The Benchmarks GitHub Actions workflow runs a reduced-size benchmark to sanity-check the Rust acceleration and, on demand, capture a Python-only baseline.

Triggers

  • Scheduled: 0 6 * * 1 (Mondays at 06:00 UTC). Runs the Rust backend sanity check only; the Python baseline job is not executed on scheduled runs.
  • Manual: workflow_dispatch, with a toggle to include the Python backend baseline. The Python-only baseline job runs only on these manual executions when the toggle is enabled.

What it runs

  • Sets up Python 3.13 and installs dependencies with uv.
  • Builds the Rust backend via make rust-build (Rust toolchain installed with dtolnay/rust-toolchain).
  • Executes:
    GSPPY_BACKEND=<rust|python> uv run python benchmarks/bench_support.py \
      --n_tx 5000 --tx_len 6 --vocab 200 --min_support 0.2 --warmup
    
    (Python-only job skips the Rust build.)

Artifacts

Each job uploads: - benchmark_<backend>.log: CLI output from bench_support.py. - benchmark_<backend>.json: Parsed metrics. Fields: - timestamp: UTC ISO string. - backend: rust or python. - n_tx, tx_len, vocab, min_support: benchmark parameters. - python_time_s: observed Python runtime (always present when parsing succeeds). - rust_time_s: observed Rust runtime (Rust job only, when available). - speedup_x: Python time divided by Rust time (Rust job when both timings exist). - improvement_pct: Percent improvement vs Python (Rust job when both timings exist).

How to interpret results

  • Prefer the JSON for automation; use the log for troubleshooting when parsing fails.
  • A higher speedup_x or improvement_pct means the Rust backend is faster relative to Python.
  • If the Rust backend is unavailable or fails, the log will include the Python-only timing; JSON may omit rust_time_s and derived fields.

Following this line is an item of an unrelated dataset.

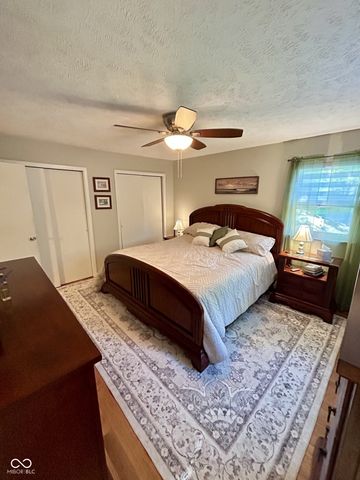 15830 E Lake Shore Drive N, Hope, IN 47246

Adding regression thresholds later

If you add regression detection in the future, consider: - Comparing rust_time_s against a saved baseline or an allowed max (e.g., < 2.0s for this trimmed workload). - Monitoring speedup_x to ensure Rust remains faster than Python (e.g., speedup_x >= 2.0). - Allowing configurable thresholds via workflow inputs so you can tighten/relax gates without code changes. - Failing fast when parsed metrics are missing to avoid silent regressions.

Benchmarks

Benchmark scripts in the benchmarks/ directory measure support-counting performance across backends.

Running benchmarks

Use the provided Makefile targets to run common benchmarks:

make bench-small
make bench-big

You can also run the Python benchmark script directly with custom parameters:

uv run --python .venv/bin/python --no-project \
  python benchmarks/bench_support.py --n_tx 1000000 --tx_len 8 --vocab 50000 --min_support 0.2 --warmup

Adjust parameters to match your hardware. Large benchmarks can be resource-intensive.